Comfort for Those Concerned About Inheriting Alzheimer's
Fear, it seems, runs rampant in families with a loved one affected by Alzheimer's disease. Those caring for a declining parent or grandparent, those tending to the needs of a brother or sister, those with other blood ties to a relative with Alzheimer's disease-so many of them share the same burning question: Am I next?
I can't even count the number of times this very question was posed to me or to my staff while we stood at the Alzheimer's Foundation of America's exhibit booth at the AARP convention in Boston earlier this month. Hands down, it ranked as the most frequently asked question. And each time, it was positioned in a tone that exemplified more than plain curiosity. Raw emotion was overflowing here.

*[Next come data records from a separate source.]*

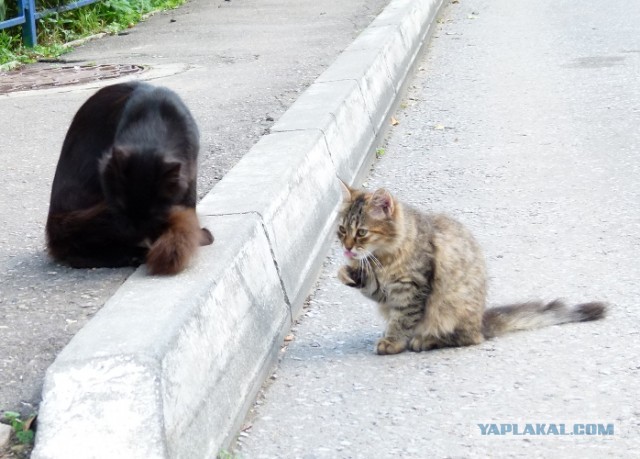 Котовторник   27.08.2013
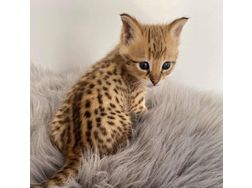 Gesunde Savannah Katzen - Mischlingskatzen - Bild 1
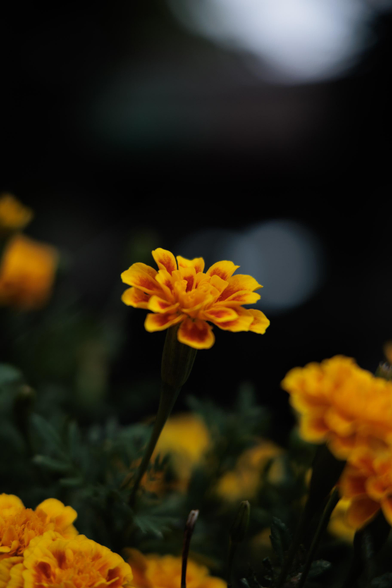 A vibrant yellow marigold flower stands out against a dark background, surrounded by soft-focus blooms and greenery.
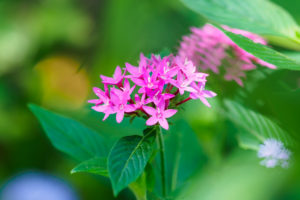 季節の花の写真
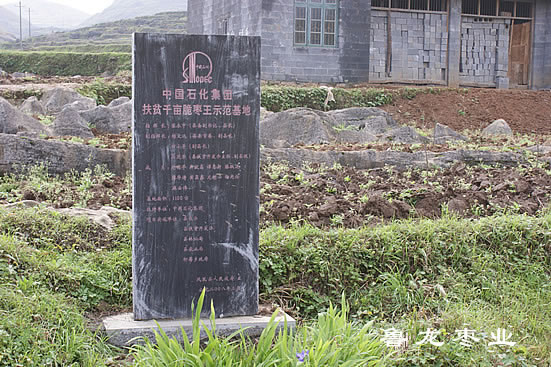 湖南凤凰千亩脆枣王基地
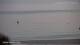 Nigran 09.06.2025 07:50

No matter how many times people asked, no matter how many times we told variations of the same answer, I welcomed the question again and again from attendees. People need to ask about Alzheimer's disease. We need open discussion. We need to dispel myths. We need to raise awareness about this disease.
And, most importantly, we need to address the fear factor-so that it doesn't hold back people who really have memory problems from proper diagnosis, and the treatment and care they need, and so that blood relatives living with an unfounded fear of Alzheimer's disease have one less thing to worry about as they face the 24/7 challenges of caring for a loved one.

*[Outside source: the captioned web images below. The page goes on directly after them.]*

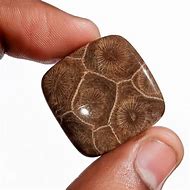 Image result for Square Fossils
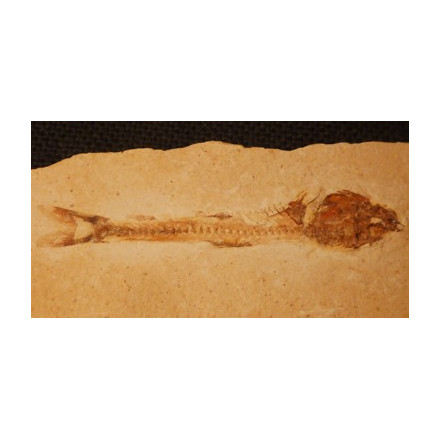 poisson fossile sur calcaire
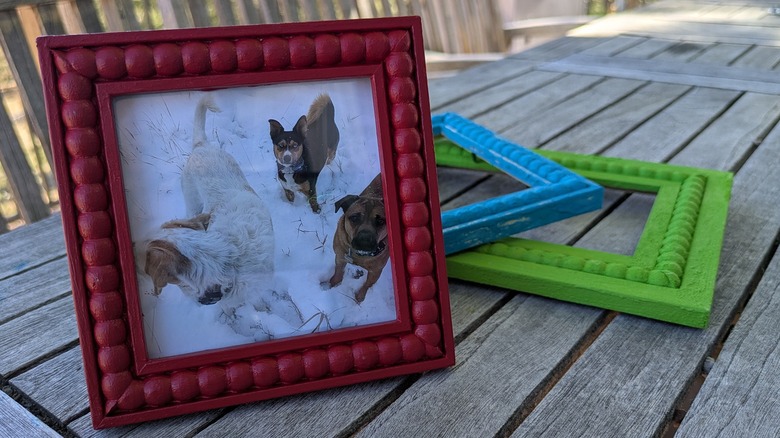 A picture of three dogs in a hand-painted Dollar Tree frame with badly-painted ones behind it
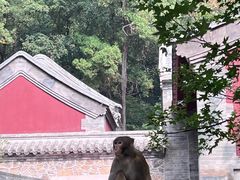 -北京上方山国家森林公园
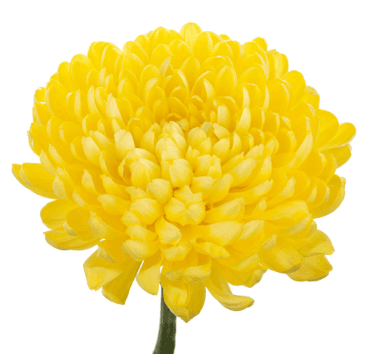 Mums Cremon Bernal Yellow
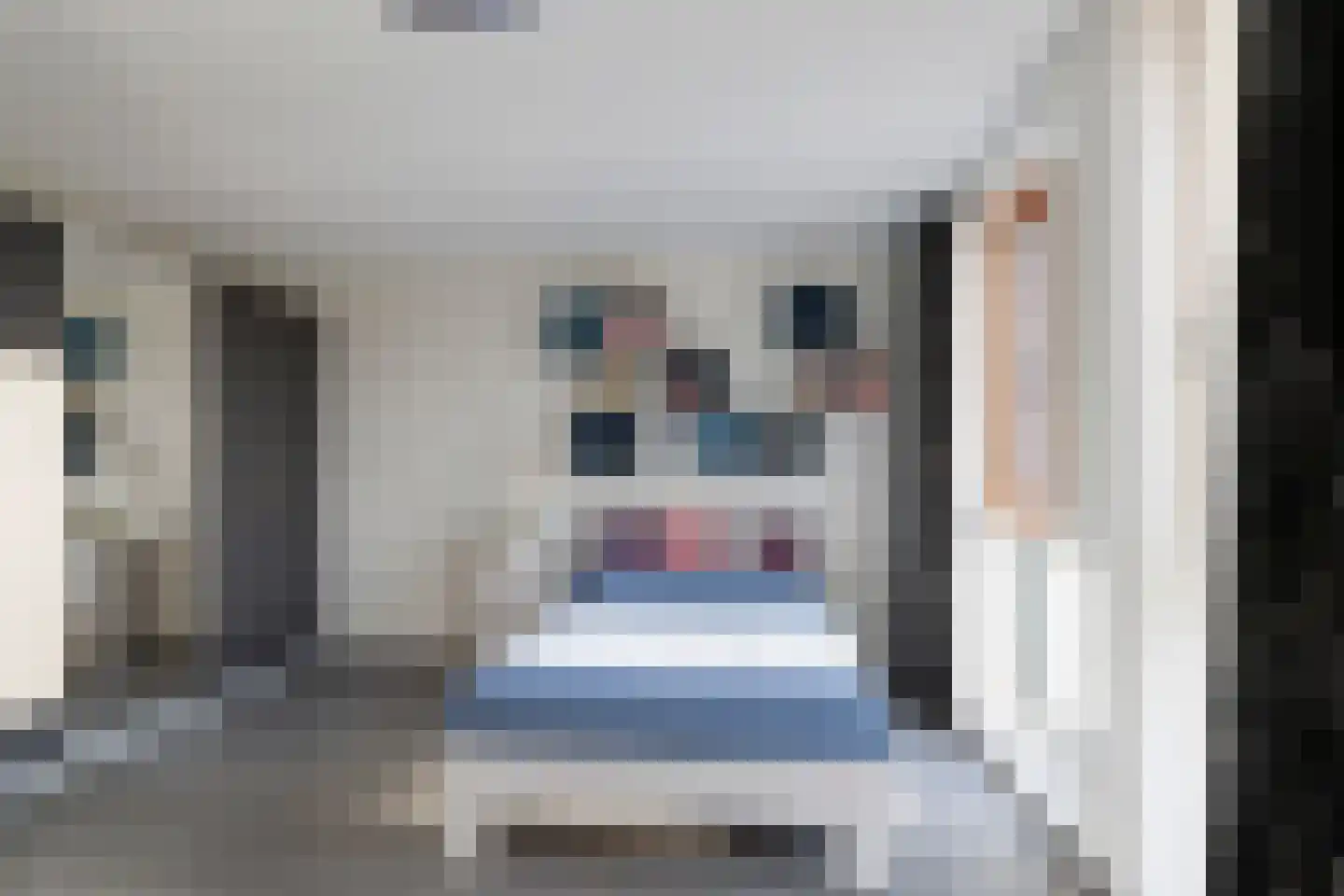 Laan van 't Haantje 43 Rijswijk thumbnail 29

So simply stated, for those concerned about family patterns related to Alzheimer's disease, the answer is this: Family history accounts for only a small fraction of cases. Early-onset familial Alzheimer's disease is the rarest form of Alzheimer's disease, occurring at a young age-between 30 and 60-and following an obvious inheritance pattern. It is estimated that less than five percent of all cases of Alzheimer's disease are early onset familial Alzheimer's disease. In addition, a single gene or a genetic pattern poses a risk factor late-onset Alzheimer's disease (called late-onset when it occurs in older people), but obvious genetic causes make up only a small proportion of cases.

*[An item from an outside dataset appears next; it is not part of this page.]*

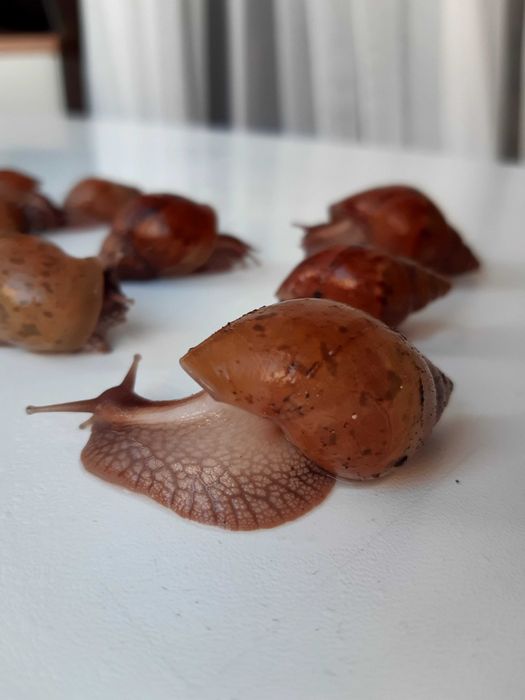 Малятка равлика-ахатина безкоштовно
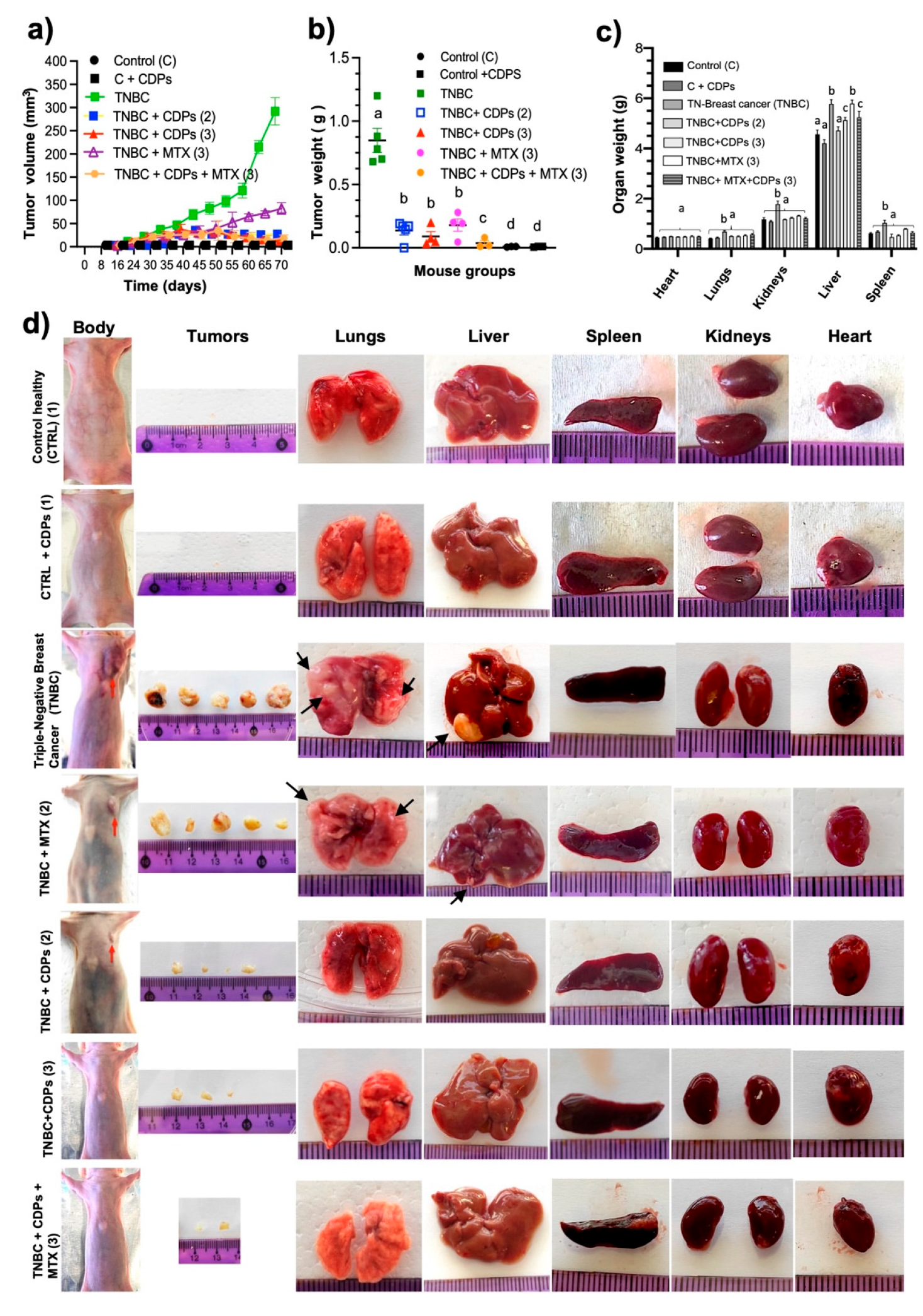 Preprints 194718 g004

Rather, by far the greatest risk factor for Alzheimer's disease is age. The risk increases progressively, with the likelihood of developing Alzheimer's disease doubling every five years after age 65. Alzheimer's disease affects nearly one in two people aged 85 or older.
So at a convention that draws mostly seniors, I feel that AFA's presence accomplished some important results. For one, we answered a question that is concerning so many people who had or have a blood relative with Alzheimer's disease. Secondly, we were able to educate them on other issues: we spoke to them about successful aging, letting them know that there is increasing research showing that lifestyle choices-things like walking, running, crossword puzzles, stress management, and eating right can help delay the onset or progression of Alzheimer's disease-a good idea for all of us. We urged them to voice any concerns they might have about their own memory loss to their physician or other healthcare professionals.
And we encouraged them to keep asking questions. Ask, ask, ask. The more people know about Alzheimer's disease (no different than with other diseases), brain health, caregiving and national and local support services, the more empowered we are to deal with whatever lies ahead.